I'm trying to figure out the best way to store user uploaded files in a file system. The files range from personal files to wiki files. Of course, the DB will point to those files by someway which I have yet to figure out.
Basic Requirements:
Fairy Decent Security so People Can't Guess Filenames
(Picture001.jpg, Picture002.jpg,
Music001.mp3 is a big no no)
Easily Backed Up & Mirrorable (I prefer a way so I don't have to copy the entire HDD every single time I want to backup. I like the idea of backing up just the newest items but I'm flexible with the options here.)
Scalable to millions of files on multiple servers if needed.

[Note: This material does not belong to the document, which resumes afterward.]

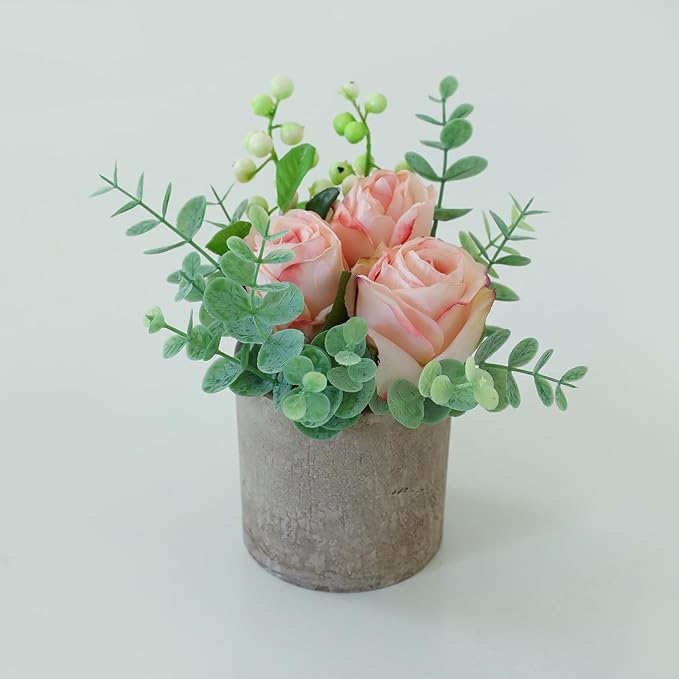 Small Artificial Burnt Pink Rose Potted Plant, 6" Fake Silk Flowers in 3" Cylindrical Pot, Mini Faux Floral Arrangement for Desk Shelf Bathroom Decor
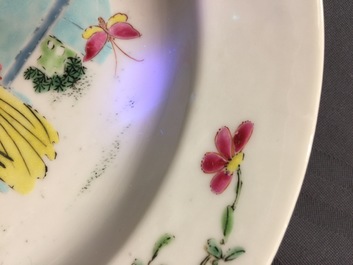 Two fine Chinese famille rose plates, Yongzheng, 1723-1735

One technique is to store the data in files named after the hash (SHA1) of their contents. This is not easily guessable, any backup program should be able to handle it, and it easily sharded (by storing hashes starting with 0 on one machine, hashes starting with 1 on the next, etc).
The database would contain a mapping between the user's assigned name and the SHA1 hash of the contents.
Guids for filenames, automatically expanding folder hierarchy with no more than a couple of thousand files/folders in each folder. Backing up new files is done by backing up new folders.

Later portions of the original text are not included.